* _About this task_
Verbatim output, no pictures: the lines from the beginning of the material through the line with "Vintage Chinese bamboo", both ends kept.

----- Information shown

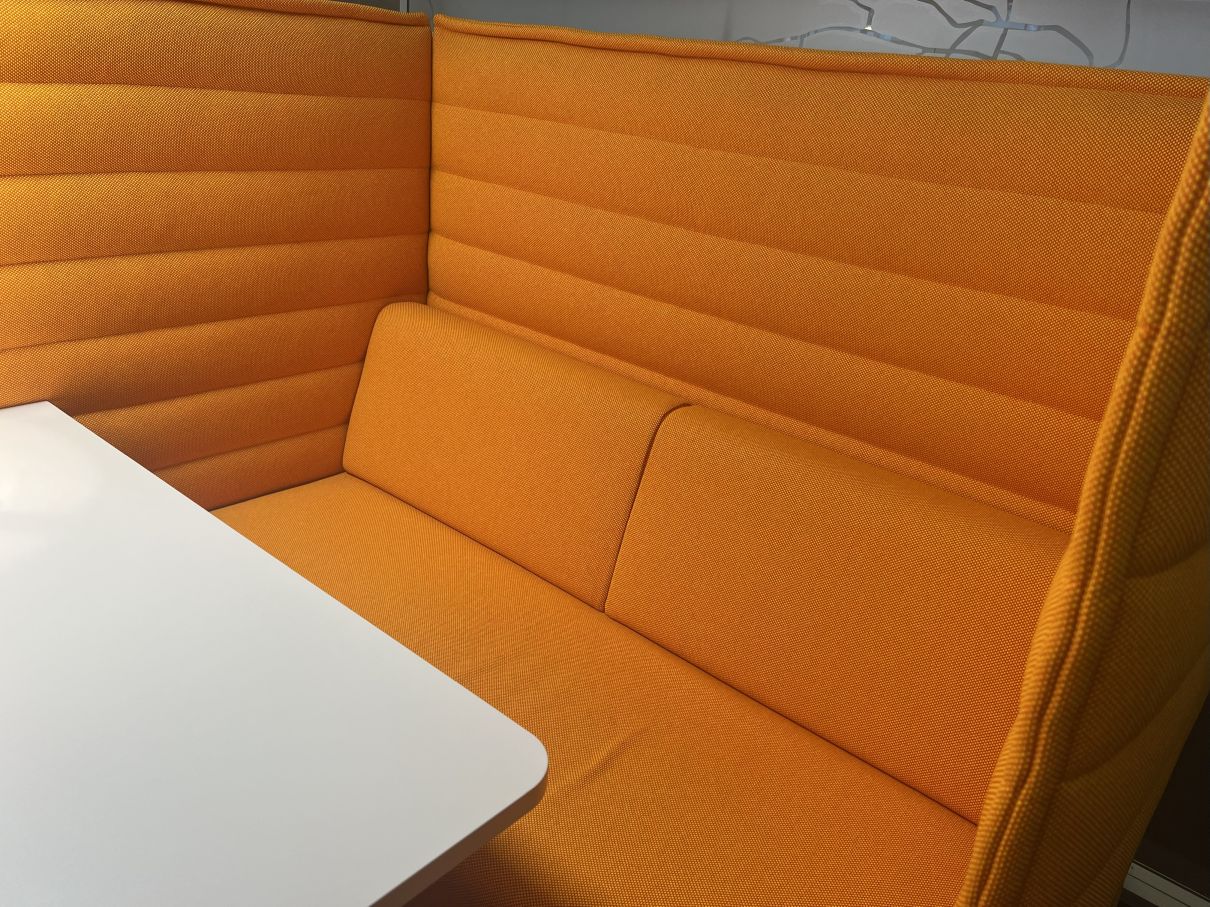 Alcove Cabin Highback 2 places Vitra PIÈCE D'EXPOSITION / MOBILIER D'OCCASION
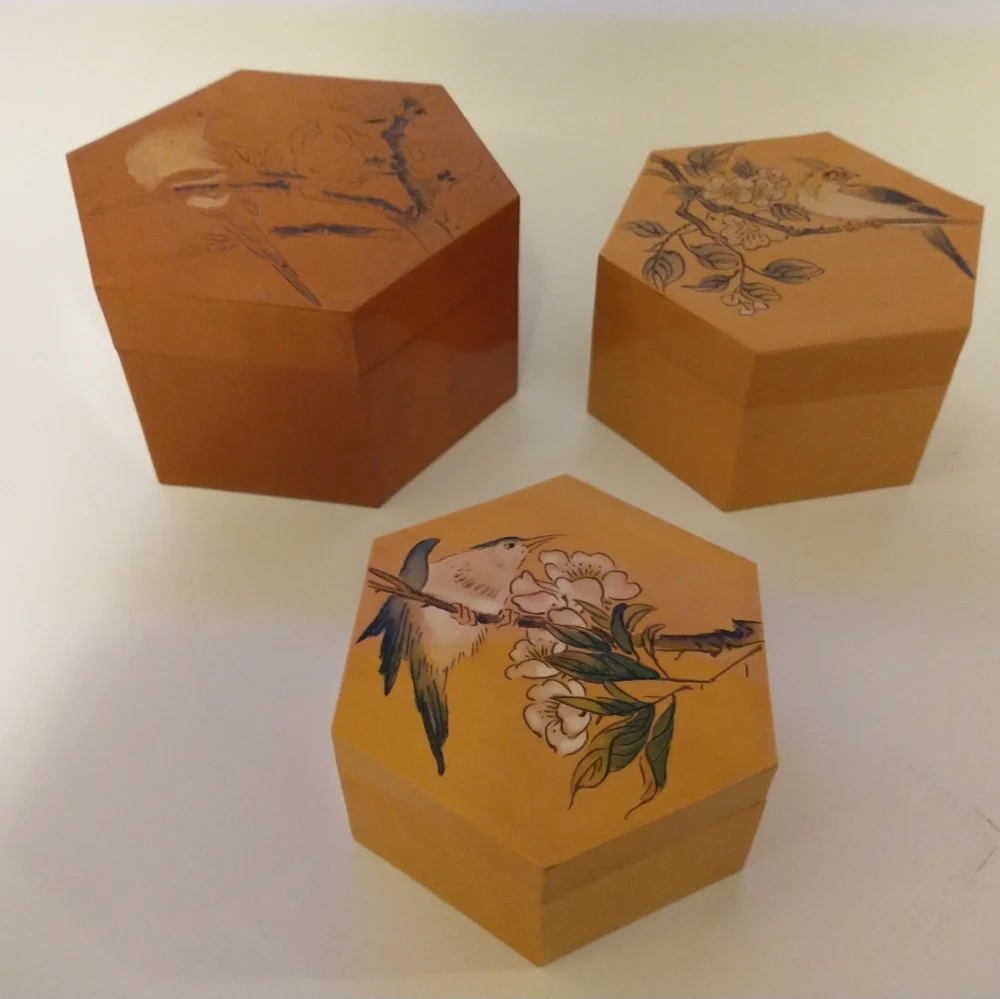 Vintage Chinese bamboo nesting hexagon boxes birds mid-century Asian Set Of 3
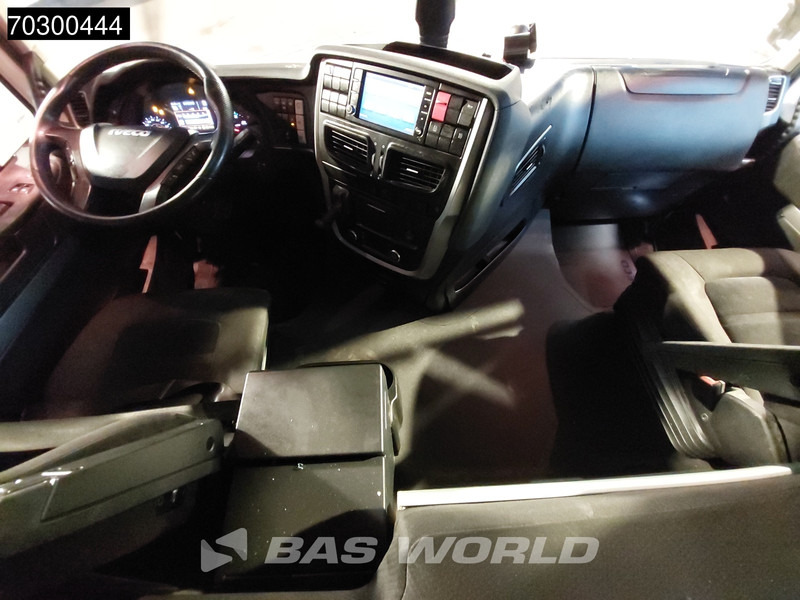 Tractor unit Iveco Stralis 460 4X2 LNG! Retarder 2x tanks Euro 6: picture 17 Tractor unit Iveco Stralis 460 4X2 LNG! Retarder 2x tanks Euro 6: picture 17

----------

* _Task response_
 Alcove Cabin Highback 2 places Vitra PIÈCE D'EXPOSITION / MOBILIER D'OCCASION
 Vintage Chinese bamboo nesting hexagon boxes birds mid-century Asian Set Of 3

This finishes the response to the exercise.